Esto no sólo revela una preocupación de fondo por la afectación del medioambiente sino una irritación por el déficit democrático que se aprecia en la forma cómo se ha configurado la matriz energética chilena.

Esta matriz es en buena parte el resultado de distintas presiones, tráfico de influencias, y actos de lobby en las sombras destinados a revestir de legalidad la aprobación de proyectos de generación ya visados por altas esferas del poder político y económico.  Quien se interese en historias escandalosas puede investigar cómo se aprobó la Central Ralco o la termoeléctrica Campiche, sólo para citar unos pocos ejemplos ocurridos durante los últimos gobiernos.

Si tomamos el caso de las termoeléctricas a carbón, ¿por qué se concentran en los lugares con poblaciones en situación de pobreza como Ventanas, Huasco, Coronel, Mejillones y Tocopilla? ¿Por qué las energías renovables no convencionales sólo representan el 4% de nuestra matriz cuando son lejos las que dan mayores ventajas comparativas a Chile? ¿Por qué pagamos uno de los precios de electricidad más caros del mundo teniendo una de las matrices más sucias? 

Estas interrogantes no tienen respuestas razonables, lo que da cuenta de la arbitrariedad y los intereses corporativos que encuentran amparo en la legislación e institucionalidad energética y ambiental chilena. Los principales afectados – las comunidades aledañas a las plantas de generación y los consumidores – poco o nada han sido considerados en las decisiones adoptadas.

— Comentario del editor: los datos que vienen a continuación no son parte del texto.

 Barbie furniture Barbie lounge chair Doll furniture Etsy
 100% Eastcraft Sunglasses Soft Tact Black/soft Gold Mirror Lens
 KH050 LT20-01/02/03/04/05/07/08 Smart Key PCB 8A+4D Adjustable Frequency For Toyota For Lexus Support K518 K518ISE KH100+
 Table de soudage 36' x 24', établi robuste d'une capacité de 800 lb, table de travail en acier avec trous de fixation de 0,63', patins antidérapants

Algo está fallando, entonces, en el proceso a través del cual se define la matriz energética. El problema de fondo radica en la exclusión política y el profundo elitismo con que se toman las decisiones sobre los proyectos de generación. 

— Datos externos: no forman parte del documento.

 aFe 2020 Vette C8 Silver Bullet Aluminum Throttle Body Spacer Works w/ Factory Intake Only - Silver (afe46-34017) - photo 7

El mayor desafío que tenemos por delante es definir de manera colectiva cómo nos dotamos de un suministro eléctrico seguro, limpio, al menor precio posible y con costos y beneficios distribuidos equitativamente. No es aceptable esta ausencia de política energética, mirando cada proyecto de manera individual e incurriendo en las mismas prácticas de los telefonazos de las empresas al gobierno y los sobornos a las comunidades.

Se requiere un verdadero proceso refundacional de la política energética (al menos eléctrica), que la envista de legitimidad democrática, garantizando espacios de participación, deliberación y decisión a los distintos grupos de la sociedad, particularmente los que se verán afectados negativamente por la generación eléctrica.

¿Qué fuentes de energía vamos a usar en las próximas décadas? ¿Cuáles no estamos dispuestos a usar? ¿Dónde deberían estar emplazadas las centrales y dónde no es aceptable? ¿Qué costos ambientales o de otro orden estamos dispuestos a aceptar? ¿Qué precio podemos pagar?

Estamos como país en condiciones de contestar estas preguntas a través de un proceso colectivo, amplio e inclusivo. Pero para eso se requiere un verdadero liderazgo del gobierno que apunte a dos objetivos: primero, conducir al país por el más largo pero único camino viable – el del debate democrático – y, segundo, cerrar el debate a tiempo, logrando los acuerdos necesarios y suficientes para que las soluciones efectivas lleguen antes que sea demasiado tarde.